At the time, officials stated that the bitcoin would not be sold outright. Instead, the plan was to explore mechanisms such as collateralized lending, risk-managed yield strategies, and long-term holding to finance infrastructure while preserving exposure to bitcoin’s upside.
But Bhutan now holds fewer than 3,200 BTC. Fulfilling the original 10,000 BTC commitment in its stated form is mathematically impossible without reversing the drawdown entirely or acquiring new coins. Whether the pledge has been formally revised or quietly shelved remains unclear. Druk Holding & Investments has not publicly commented on the status of the pledge or the broader treasury strategy.
Selling into strength while others buy
Bhutan’s liquidation stands in contrast to what most other major institutional and sovereign players have been doing in 2026. Strategy Inc. has continued to aggressively add bitcoin, purchasing 4,871 BTC for $330 million in a single weekend earlier this year and bringing its total holdings above 818,000 BTC. U.S. spot bitcoin ETFs absorbed roughly 50,000 BTC in March alone.
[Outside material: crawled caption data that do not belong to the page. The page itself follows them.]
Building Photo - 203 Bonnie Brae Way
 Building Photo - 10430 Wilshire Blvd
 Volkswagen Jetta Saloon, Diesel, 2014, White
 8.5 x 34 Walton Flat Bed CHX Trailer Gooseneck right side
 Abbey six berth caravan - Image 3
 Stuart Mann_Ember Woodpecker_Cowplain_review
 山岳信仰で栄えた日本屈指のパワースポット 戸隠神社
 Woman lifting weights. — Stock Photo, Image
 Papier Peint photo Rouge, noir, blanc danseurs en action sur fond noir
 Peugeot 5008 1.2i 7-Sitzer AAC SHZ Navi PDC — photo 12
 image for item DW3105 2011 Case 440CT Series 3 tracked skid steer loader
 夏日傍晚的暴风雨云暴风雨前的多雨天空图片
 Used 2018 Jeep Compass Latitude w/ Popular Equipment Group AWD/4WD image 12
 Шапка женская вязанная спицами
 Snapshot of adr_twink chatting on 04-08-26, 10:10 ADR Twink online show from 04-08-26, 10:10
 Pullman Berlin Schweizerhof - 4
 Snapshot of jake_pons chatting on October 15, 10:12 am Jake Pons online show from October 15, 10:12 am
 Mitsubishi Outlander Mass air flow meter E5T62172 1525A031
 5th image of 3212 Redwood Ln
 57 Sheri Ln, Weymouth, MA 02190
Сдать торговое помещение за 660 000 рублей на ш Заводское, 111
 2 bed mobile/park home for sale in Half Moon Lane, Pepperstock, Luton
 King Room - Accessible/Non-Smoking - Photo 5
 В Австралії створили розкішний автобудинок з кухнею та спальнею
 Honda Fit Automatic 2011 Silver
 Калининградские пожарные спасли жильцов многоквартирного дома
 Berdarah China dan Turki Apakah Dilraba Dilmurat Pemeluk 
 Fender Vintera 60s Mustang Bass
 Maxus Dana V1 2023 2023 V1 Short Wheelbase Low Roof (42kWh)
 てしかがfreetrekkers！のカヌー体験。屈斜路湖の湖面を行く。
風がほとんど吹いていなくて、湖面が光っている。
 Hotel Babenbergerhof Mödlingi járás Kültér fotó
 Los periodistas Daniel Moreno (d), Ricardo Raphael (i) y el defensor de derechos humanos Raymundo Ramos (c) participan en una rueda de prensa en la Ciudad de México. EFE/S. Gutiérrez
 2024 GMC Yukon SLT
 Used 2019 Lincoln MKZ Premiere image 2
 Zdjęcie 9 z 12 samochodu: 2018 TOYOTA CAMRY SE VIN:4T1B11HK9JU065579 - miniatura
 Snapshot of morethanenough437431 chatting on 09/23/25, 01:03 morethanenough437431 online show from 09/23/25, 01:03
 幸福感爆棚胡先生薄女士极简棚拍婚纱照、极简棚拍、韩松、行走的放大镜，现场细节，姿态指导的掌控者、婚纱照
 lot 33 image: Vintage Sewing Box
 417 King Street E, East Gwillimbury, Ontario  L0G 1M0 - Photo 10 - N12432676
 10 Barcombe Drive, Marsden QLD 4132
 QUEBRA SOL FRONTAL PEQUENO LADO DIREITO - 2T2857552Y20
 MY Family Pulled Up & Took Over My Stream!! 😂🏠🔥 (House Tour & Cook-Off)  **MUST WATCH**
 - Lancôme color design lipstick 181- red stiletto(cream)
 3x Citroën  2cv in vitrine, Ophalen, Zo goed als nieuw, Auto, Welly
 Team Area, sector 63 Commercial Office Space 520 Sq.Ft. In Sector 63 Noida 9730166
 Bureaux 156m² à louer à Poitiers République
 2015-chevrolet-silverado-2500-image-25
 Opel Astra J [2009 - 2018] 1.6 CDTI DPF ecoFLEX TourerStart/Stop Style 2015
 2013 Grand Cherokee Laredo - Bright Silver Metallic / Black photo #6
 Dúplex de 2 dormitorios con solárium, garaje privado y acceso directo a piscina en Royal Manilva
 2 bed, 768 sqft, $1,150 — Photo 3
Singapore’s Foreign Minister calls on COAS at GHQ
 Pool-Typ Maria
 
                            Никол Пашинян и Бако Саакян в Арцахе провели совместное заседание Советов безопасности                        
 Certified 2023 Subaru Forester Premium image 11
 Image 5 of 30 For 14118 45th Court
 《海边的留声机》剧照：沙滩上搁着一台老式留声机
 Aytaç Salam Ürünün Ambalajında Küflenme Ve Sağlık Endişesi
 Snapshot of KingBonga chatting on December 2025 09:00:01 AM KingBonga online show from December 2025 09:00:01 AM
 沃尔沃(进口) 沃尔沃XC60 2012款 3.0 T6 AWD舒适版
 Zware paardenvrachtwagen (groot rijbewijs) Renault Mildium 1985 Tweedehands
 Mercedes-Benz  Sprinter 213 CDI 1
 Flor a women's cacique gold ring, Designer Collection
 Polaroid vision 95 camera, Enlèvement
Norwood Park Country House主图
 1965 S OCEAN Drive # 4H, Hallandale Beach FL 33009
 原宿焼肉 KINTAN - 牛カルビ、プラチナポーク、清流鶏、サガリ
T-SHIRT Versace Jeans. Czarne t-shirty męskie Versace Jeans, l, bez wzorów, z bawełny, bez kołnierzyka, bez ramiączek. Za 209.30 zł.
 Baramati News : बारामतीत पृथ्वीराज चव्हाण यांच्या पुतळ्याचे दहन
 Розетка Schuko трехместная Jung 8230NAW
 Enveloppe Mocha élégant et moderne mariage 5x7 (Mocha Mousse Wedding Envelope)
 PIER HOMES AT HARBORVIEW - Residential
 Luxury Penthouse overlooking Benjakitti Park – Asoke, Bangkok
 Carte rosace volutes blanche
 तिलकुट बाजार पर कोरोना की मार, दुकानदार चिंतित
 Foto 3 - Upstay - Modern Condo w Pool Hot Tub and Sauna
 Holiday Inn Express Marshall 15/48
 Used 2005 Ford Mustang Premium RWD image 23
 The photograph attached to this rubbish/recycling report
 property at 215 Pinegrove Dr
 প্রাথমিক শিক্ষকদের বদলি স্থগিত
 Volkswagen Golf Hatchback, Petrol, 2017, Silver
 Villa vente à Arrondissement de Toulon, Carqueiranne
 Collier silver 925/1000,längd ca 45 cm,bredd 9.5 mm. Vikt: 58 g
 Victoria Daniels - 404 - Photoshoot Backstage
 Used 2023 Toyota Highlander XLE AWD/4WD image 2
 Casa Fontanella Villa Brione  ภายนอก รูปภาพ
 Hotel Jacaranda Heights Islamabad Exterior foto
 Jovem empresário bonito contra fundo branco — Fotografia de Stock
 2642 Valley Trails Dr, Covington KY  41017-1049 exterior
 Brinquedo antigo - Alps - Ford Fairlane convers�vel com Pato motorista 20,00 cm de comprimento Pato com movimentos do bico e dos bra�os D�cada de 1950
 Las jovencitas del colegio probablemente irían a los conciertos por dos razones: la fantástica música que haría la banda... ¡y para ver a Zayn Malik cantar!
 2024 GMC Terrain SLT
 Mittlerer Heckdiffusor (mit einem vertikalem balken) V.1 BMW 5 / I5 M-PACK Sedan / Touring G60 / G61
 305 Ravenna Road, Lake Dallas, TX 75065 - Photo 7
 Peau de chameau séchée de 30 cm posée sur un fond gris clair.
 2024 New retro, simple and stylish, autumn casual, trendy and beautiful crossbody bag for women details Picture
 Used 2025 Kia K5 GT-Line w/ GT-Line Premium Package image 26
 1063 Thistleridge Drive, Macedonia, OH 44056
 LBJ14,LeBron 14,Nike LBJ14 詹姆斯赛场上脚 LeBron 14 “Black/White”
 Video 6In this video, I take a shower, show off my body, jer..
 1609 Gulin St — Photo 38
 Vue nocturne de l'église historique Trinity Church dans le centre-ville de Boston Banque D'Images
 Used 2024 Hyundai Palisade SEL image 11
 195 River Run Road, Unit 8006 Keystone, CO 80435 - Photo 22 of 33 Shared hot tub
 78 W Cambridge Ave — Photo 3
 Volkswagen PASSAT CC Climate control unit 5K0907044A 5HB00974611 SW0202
The Ethereum Foundation staked $93 million of ether rather than sell.
Bhutan is the only sovereign-level holder visibly and consistently liquidating its reserves in this market environment.
The government has not released an official statement about Tuesday’s transfer or its broader treasury management plans. Bhutan has traditionally kept a tight lid on its digital asset activities, and Druk Holding & Investments has not responded to media inquiries from multiple outlets over the past several months.
Market observers continue to track these movements closely. Bhutan represents one of the most closely watched experiments in sovereign bitcoin management: a tiny, landlocked nation that quietly built a world-class bitcoin reserve from nothing but rivers and turbines, and is now steadily converting it back into cash.